Since this volume was released on the same day as the short story compilation, you end up with two Altina reviews in a row. Fortunately, there’s a lot of ground to cover here, as we pick up right where we left off – with Latrielle having just murdered his dissolute father and consort in a fit of disgust. Naturally, this particular part is covered up, but the fact that the King is dead is absolutely not – meaning not only that Latrielle is going to be the next King, but that Altina is no longer in the line of succession. Admittedly, he’s not quite crowned yet. What’s possibly worse is that the military and the crown are finally forcing Regis to return to the capital to get his promotion and title… and no, Altina has an army, she can’t just tag along. That’s right, we’re breaking the fellowship here, and I have a suspicion it may be for multiple books. That said, those who are fond of the low-flame romantic feels in this book might be pleased.
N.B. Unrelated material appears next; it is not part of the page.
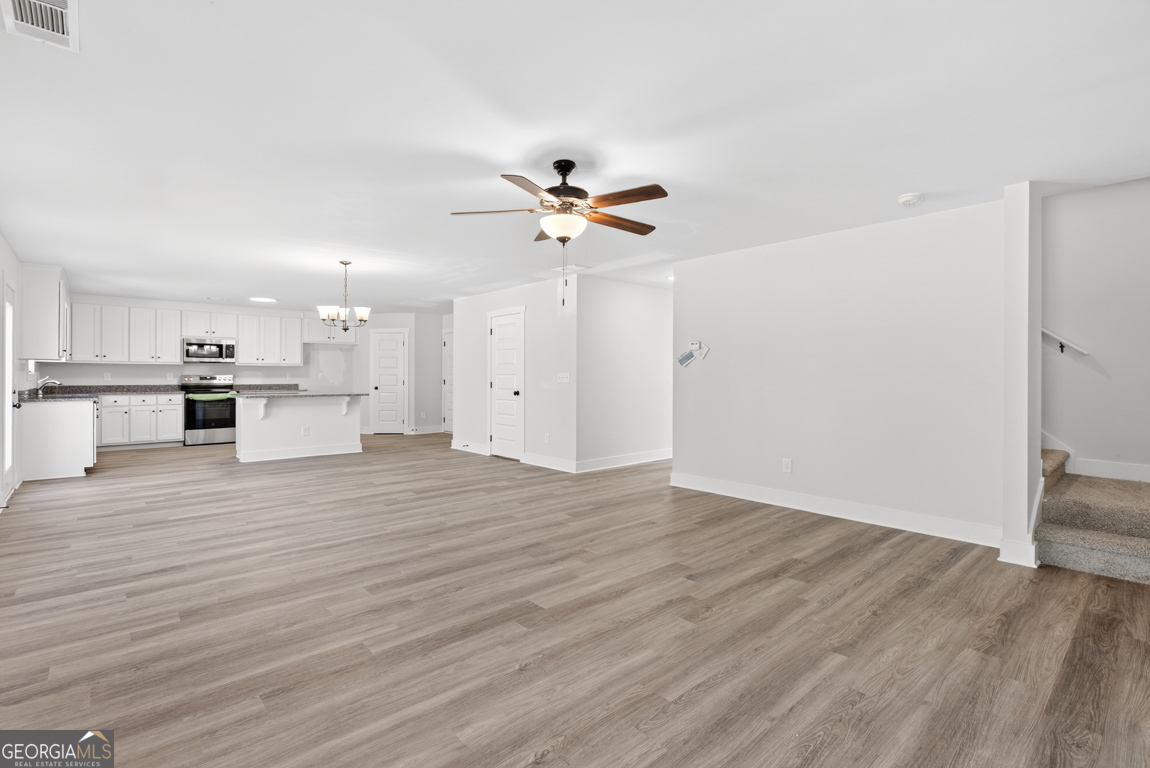 538 Oil Mill Road, Unit 8 Martin, GA 30557 - Photo 13 of 50 a view of an empty room with a kitchen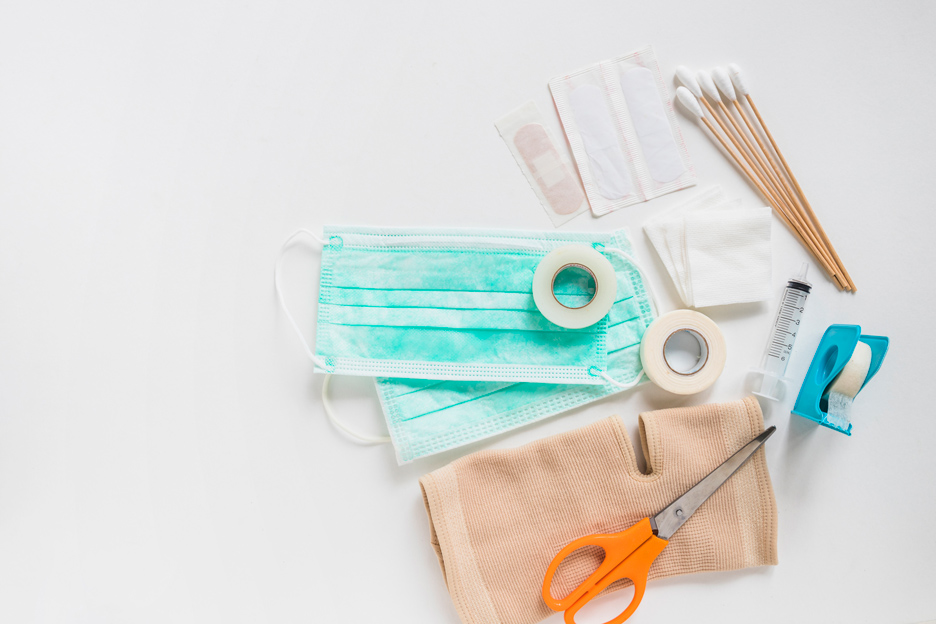 surgical-mask-bandage-gauze-cotton-swabs-sticky-bandage-knee-brace-with-scissor-white-background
There are, of course, other things going on besides Altina and Regis liking each other and being unable to convey it properly. Regis’ impact is felt on multiple people, especially Clarisse, who may couch it in the form of teasing but clearly likes Regis a whole lot more than she’s ever going to let on. There’s also the matter of Gilbert, the mercenary that was captured last volume, and trying to negotiate so that he’ll join them rather than simply be executed as everyone expects. Unfortunately, the news of the King’s death makes negotiations fall apart a bit. Gilbert’s three sisters are still at large, although they’re a lot less dangerous on their own. And Bastian and Eliza are returning from Britannia after events in the short story collection, meaning there’s another royal to throw into this chaos. With all this going on, there is also personal defeat – Eric’s injury has injured their hand to the point of being unable to use a sword anymore, and Eric is devastated by this.
Despite all the bad news, there is quite a bit of comedy in this book, mostly stemming from Regis’ inhuman self-deprecation, which has actually become a genuine weakness – praise seems to cause him pain. Given that he’s generally considered by everyone not named Regis to be a brilliant strategist, you can imagine how he holds up when he’s escorted by a gorgeous young woman to return to the capital to get a promotion and a title – he’d rather be doing anything else. Altina is also her usual blockheaded, mildly tsundere self – please do not pull anyone into your boobs when you are wearing armor, kid. I get the feeling she’s gonna miss Regis more than he’s gonna miss her, at least in terms of the war. What’s more, given Latrielle assigning Regis as his aid for the immediate future, their separation may be longer than expected.
The author continues to write both this and How NOT to Summon a Demon Lord at the same time, which if nothing else shows off their ability to write in different styles. For those who like a fun, action-filled fantasy with much less fanservice than the other title, Altina remains a solid bet.